KÜLTÜR SANAT - 18 Şubat 2019 Pazartesi 15:09

Açe Savaşı’nın sosyolojik etkileri kitaplaştırıldı

A
A
A
Açe Savaşı’nın sosyolojik etkileri kitaplaştırıldı

Sosyal bilimlerin farklı alanlarına dair yetkin bir kitaplık oluşturmayı hedefleyen İbn Haldun Üniversitesi Yayınları, Hollanda-Açe Savaşı’nı ve Açe’nin Hollanda’nın saldırılarına karşı verdiği büyük mücadeleyi sosyolojik açıdan inceleyen “Basiret ve Direniş” adlı kitabı yayınladı.

İbn Haldun Üniversitesi (İHÜ) Yayınları’ndan çıkan ‘Basiret ve Direniş’ kitabının tanıtım toplantısı, yazarlarının da katılımıyla İHÜ Süleymaniye Yerleşkesi Salis Medresesi’nde yapıldı.

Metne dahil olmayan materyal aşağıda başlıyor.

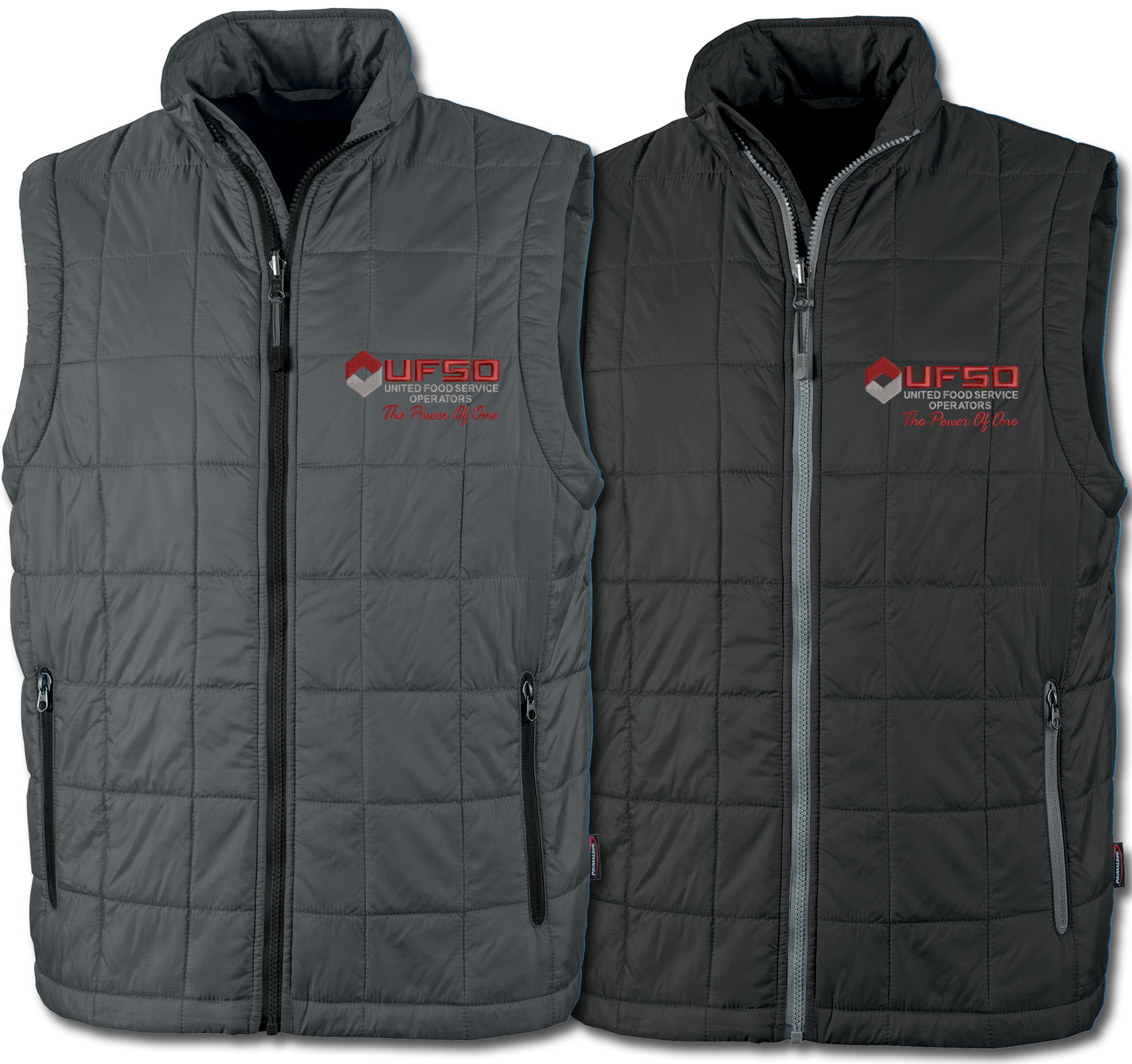 Men's Quilted Vest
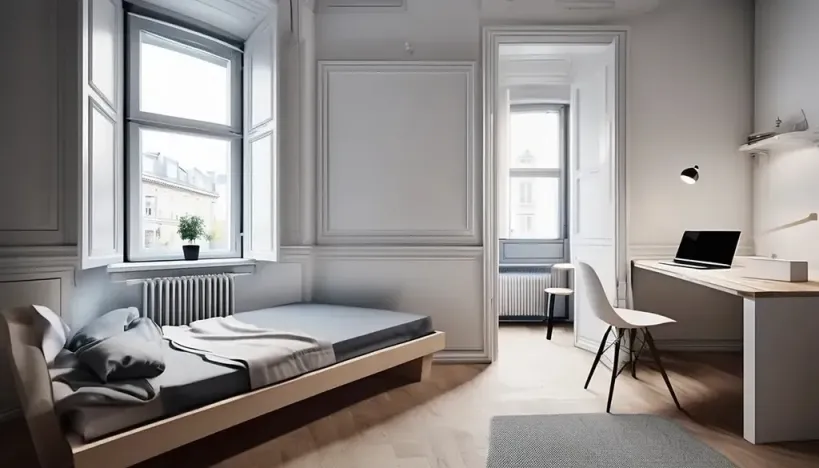 Prodej bytu 1+kk, Praha - Nové Město, Kateřinská, 34 m2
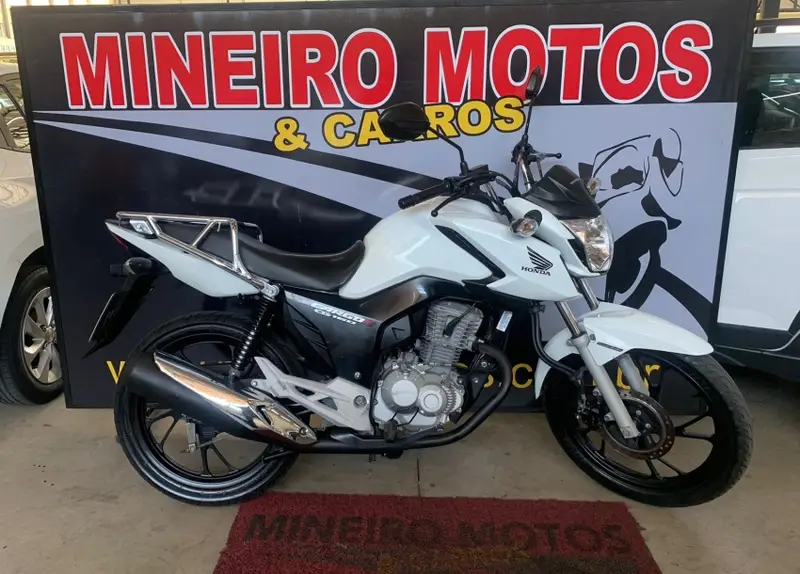 Honda CG 160 Cargo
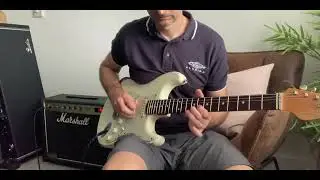 Smitty Custom Classic - Marshall JCM800 4010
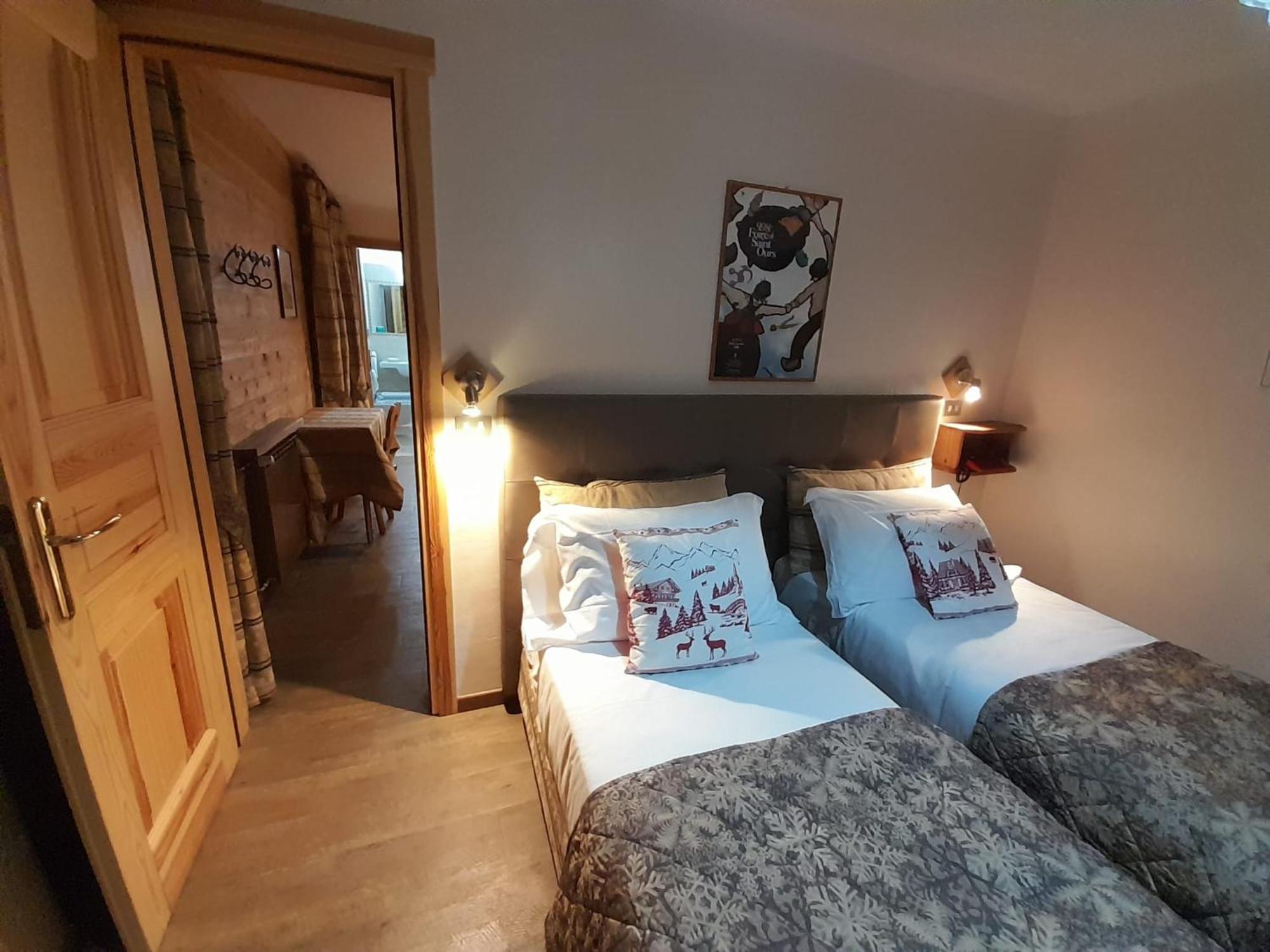 Hotel Astoria Courmayeur Extérieur photo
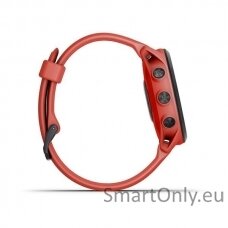 Garmin Forerunner 745 Magma Red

İHÜ Sosyoloji Bölümü öğretim üyesi Dr. Mehmet Özay, Doç. Dr. Adem Efe ve Dr. Ekrem Saltık imzalarını taşıyan ve Osmanlı Basını Araştırmaları Serisi’nin ilk kitabı olan Basiret ve Direniş; Ali Efendi tarafından 1870-1908 yılları arasında İstanbul’da iki devre halinde yayınlanan Basiret Gazetesinde, Açe Darüsselam Sultanlığı ile Hollanda sömürge güçleri arasında 1873-1904 yılları arasında çıkan savaşın ilk iki yılının ele alındığı metinleri sosyolojik bir gözle masaya yatırıyor.

“Osmanlı-Malay Takımadaları ilişkileri bağlamında önemli bir kaynak”

Tanıtım toplantısında ilk sözü Dr. Öğr. Üyesi Mehmet Özay alarak, kitabın konusu ve çerçevesi üzerine bir sunum yaptı, kitabın çıkış öyküsünü dinleyicilerle paylaştı. Kitaba ismini veren Basiret Gazetesi, Açe topraklarında süren savaşla ilgili gelişmeleri birkaç yıl boyunca Batı ülkelerinde yayınlanan dönemin önemli gazeteleri üzerinden takip edip, Osmanlı toplumunu gelişmelerden haberdar ederek kamuoyu oluşturmakla kalmamış; özellikle gazetede yer verdiği editör yorumlarıyla da dönemin Osmanlı hükümetini gelişmeler karşısında bir tür İslâm Birliği çerçevesinde harekete geçirme ve bu anlamda bazı politikalara yönlendirme kaygısı gütmüş. Basiret ve Direniş eseri de, ele aldığı bu metinler aracılığıyla; Osmanlı-Malay Takımadaları ilişkileri bağlamında ‘İslâm toplumları ve Batı’, ‘modernleşme ve bağımsızlık’, ‘ekonomik kalkınma ve eğitim’ gibi çeşitli alt başlıklardaki çalışmaların önünü açmayı da hedefliyor.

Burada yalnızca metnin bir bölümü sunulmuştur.